Would you retype the listing word for word, skipping its pictures?

....

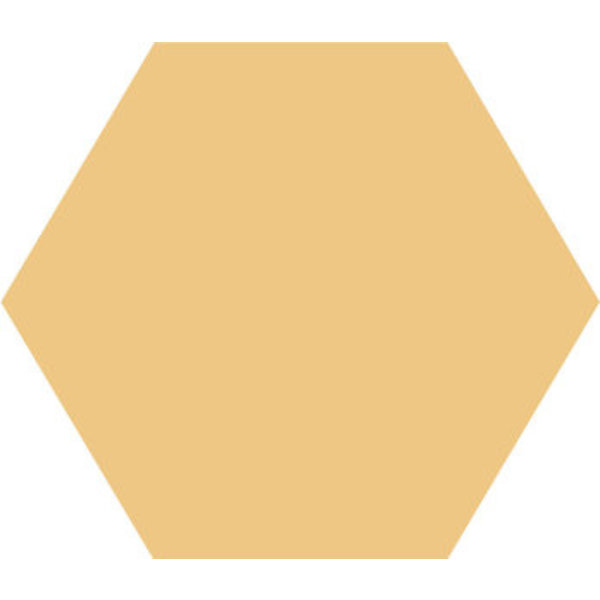 Winckelmans Hexagon 5 cm, vlak, cognac (COG), 5 mm dik, afname per doos van 0,11 m²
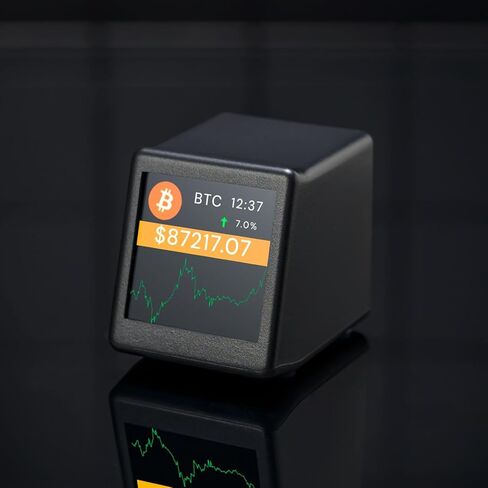 WiFi Bitcoin Crypto Tracker Bitcoin Crypto Price Displayer العملة والأسهم والعقود الآجلة وسعر صرف العملة ومؤشر تعقب الأسعار وعرض الطقس على مدار الساعة in Kuwait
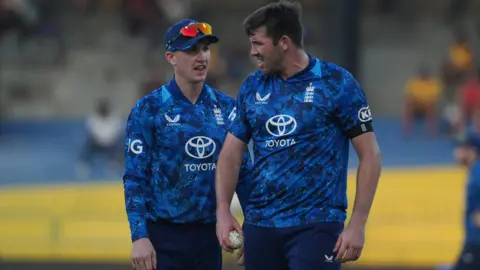 Harry Brook and Jamie Overton speak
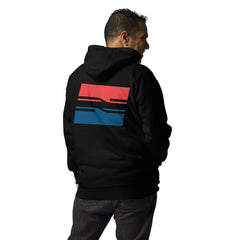 American Flag Hoodie - Black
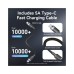 Зарядний пристрій Vention 2xUSB-C PD70W + 1xUSB QC3.0 22.5W GaN + cable USB-C to USB-C 1.0m black gray (TZ-FEXH0-EU)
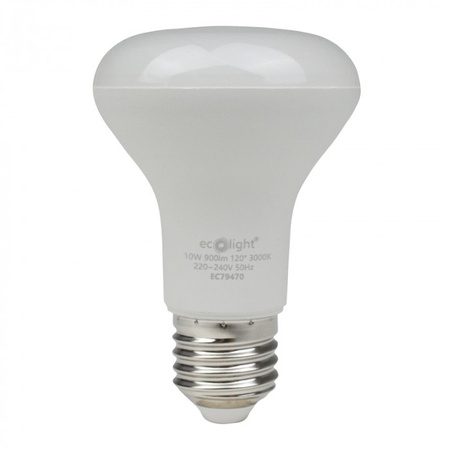 LED-Reflektor-Lampe R63 E27 10W 900lm 3000K Warm Ecolight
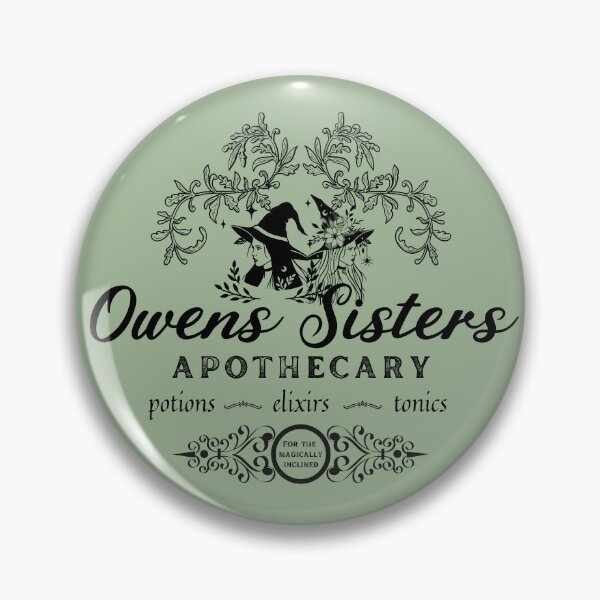 Item preview, Practical Magic Owens Sisters Apothecary Black Text designed and sold by dealchica.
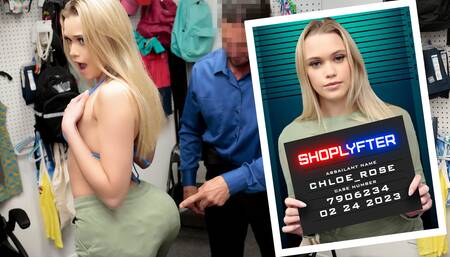 Hot Model Chloe Rose Gets Pounded For Stealing Bikinis From Officer Tommy Gunn's Store - Shoplyfter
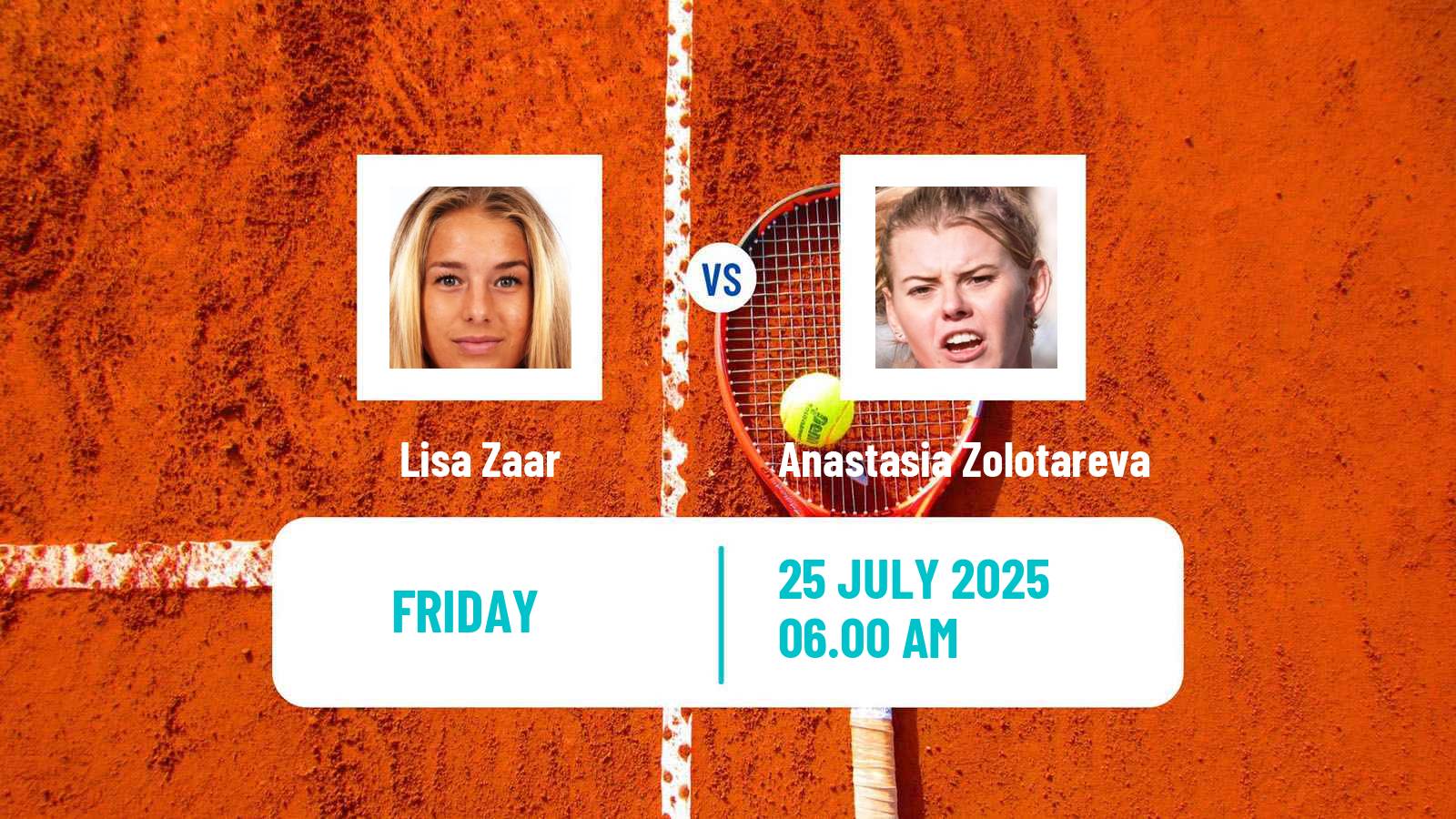 Tennis ITF W35 Mohammedia Women Lisa Zaar - Anastasia Zolotareva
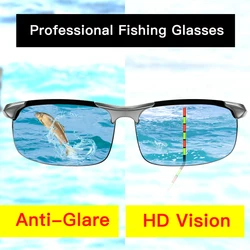 Special Fishing Sunglasses Men's Polarized Lens Anti-reflection Photochromic Night Vision Anti-glare UV400 Driver Sun Glasses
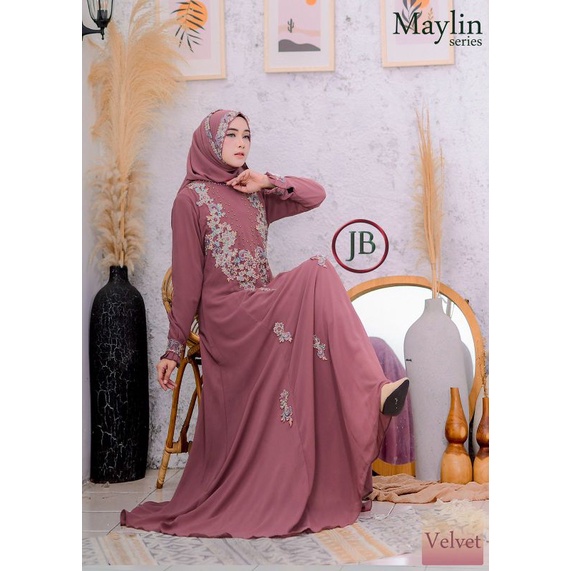 FASHION MUSLIM//GAMIS SYAR'I//MAYLIN SERIES ALL NEW//KODE JB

....

### Result of the exercise
 Winckelmans Hexagon 5 cm, vlak, cognac (COG), 5 mm dik, afname per doos van 0,11 m²
 WiFi Bitcoin Crypto Tracker Bitcoin Crypto Price Displayer العملة والأسهم والعقود الآجلة وسعر صرف العملة ومؤشر تعقب الأسعار وعرض الطقس على مدار الساعة in Kuwait
 Harry Brook and Jamie Overton speak
 American Flag Hoodie - Black
 Зарядний пристрій Vention 2xUSB-C PD70W + 1xUSB QC3.0 22.5W GaN + cable USB-C to USB-C 1.0m black gray (TZ-FEXH0-EU)
 LED-Reflektor-Lampe R63 E27 10W 900lm 3000K Warm Ecolight
 Item preview, Practical Magic Owens Sisters Apothecary Black Text designed and sold by dealchica.
 Hot Model Chloe Rose Gets Pounded For Stealing Bikinis From Officer Tommy Gunn's Store - Shoplyfter
 Tennis ITF W35 Mohammedia Women Lisa Zaar - Anastasia Zolotareva
 Special Fishing Sunglasses Men's Polarized Lens Anti-reflection Photochromic Night Vision Anti-glare UV400 Driver Sun Glasses
 FASHION MUSLIM//GAMIS SYAR'I//MAYLIN SERIES ALL NEW//KODE JB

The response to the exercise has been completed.